The sequence of posts – of which this is the second – that illustrates more in depth the architecture of an A-User provides as an easy entry point for those who wish to respond to the MPAI Call for Technology on Autonomous User Architecture. The first post dealt with the A-User Control, the AI-Module (AIM) that controls the other AIM of the A-User and is possibly controlled by a human.

Context Capture is the A-User’s sensory front-end – the AIM that opens up perception by scanning the environment and assembling a structured snapshot of what’s out there in the moment. It is the first AI Module (AIM) in the loop providing the data and setting the stage for everything that follows. When A-User Control decides it’s time to engage, it prompts Context Capture to focus on a specific M-Location – the zone where the User is active, rendering its Avatar.

What Context Capture produces is called Context – a time-stamped, multimodal snapshot that represents the A-User’s initial understanding of the scene. But this isn’t just raw data. Context is composed of two key ingredients: Audio-Visual Scene Descriptors and User State.

The Audio-Visual Scene Descriptors are like a spatial sketch of the environment. They describe what’s visible and audible: objects, surfaces, lighting, motion, sound sources, and spatial layout. They provide the A-User with a sense of “what’s here” and “where things are.” But they’re not perfect. These descriptors are often shallow – they capture geometry and presence but not meaning. A chair might be detected as a rectangular mesh with four legs, but Context Capture doesn’t know if it’s meant to be sat on, moved, or ignored.

That’s where Spatial Reasoning comes in.
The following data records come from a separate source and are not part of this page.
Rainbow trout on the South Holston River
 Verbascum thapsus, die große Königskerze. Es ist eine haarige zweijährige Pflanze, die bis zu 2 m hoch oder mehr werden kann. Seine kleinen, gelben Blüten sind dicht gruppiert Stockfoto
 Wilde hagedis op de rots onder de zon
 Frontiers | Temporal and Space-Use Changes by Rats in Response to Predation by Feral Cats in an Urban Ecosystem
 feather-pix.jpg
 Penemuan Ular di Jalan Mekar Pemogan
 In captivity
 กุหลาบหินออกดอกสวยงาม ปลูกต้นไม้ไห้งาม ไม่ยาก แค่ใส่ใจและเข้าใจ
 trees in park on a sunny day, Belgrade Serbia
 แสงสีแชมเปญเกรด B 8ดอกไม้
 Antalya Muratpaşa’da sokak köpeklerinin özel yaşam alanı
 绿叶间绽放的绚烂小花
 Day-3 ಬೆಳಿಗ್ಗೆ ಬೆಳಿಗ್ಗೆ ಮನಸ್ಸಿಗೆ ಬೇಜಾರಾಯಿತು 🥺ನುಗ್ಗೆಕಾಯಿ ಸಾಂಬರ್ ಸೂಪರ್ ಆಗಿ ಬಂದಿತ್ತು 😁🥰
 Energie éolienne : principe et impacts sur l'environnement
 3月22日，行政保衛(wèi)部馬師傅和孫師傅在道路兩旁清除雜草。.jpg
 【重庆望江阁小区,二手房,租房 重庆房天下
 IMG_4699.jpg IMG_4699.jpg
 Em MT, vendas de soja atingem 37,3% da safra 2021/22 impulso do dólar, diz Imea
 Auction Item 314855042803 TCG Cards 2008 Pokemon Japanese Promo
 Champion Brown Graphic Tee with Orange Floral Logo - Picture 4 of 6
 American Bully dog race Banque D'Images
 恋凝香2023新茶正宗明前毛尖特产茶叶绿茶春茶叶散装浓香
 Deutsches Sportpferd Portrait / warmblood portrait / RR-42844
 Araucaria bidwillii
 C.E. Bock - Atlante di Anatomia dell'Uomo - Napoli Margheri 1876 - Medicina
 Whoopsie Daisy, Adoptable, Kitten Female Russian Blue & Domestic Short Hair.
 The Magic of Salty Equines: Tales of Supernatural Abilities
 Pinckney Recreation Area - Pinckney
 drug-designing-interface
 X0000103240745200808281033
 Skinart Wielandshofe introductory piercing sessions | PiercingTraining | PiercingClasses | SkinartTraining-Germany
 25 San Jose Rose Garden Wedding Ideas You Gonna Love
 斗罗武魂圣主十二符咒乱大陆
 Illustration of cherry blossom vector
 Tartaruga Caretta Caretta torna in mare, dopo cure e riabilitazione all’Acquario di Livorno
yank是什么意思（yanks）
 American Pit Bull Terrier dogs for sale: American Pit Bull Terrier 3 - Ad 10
Spatial Reasoning is the AIM that takes this raw spatial sketch and starts asking the deeper questions:

  • “Which object is the User referring to?”
  • “Is that sound coming from a relevant source?”
  • “Does this object afford interaction, or is it just background?”

It analyses the Context and produces two critical outputs:

  • Spatial Output: a refined map of spatial relationships, referent resolutions, and interaction constraints.
  • Spatial Guide: a set of cues that enrich the user’s input — highlighting which objects or sounds are relevant, how close they are, and how they might be used.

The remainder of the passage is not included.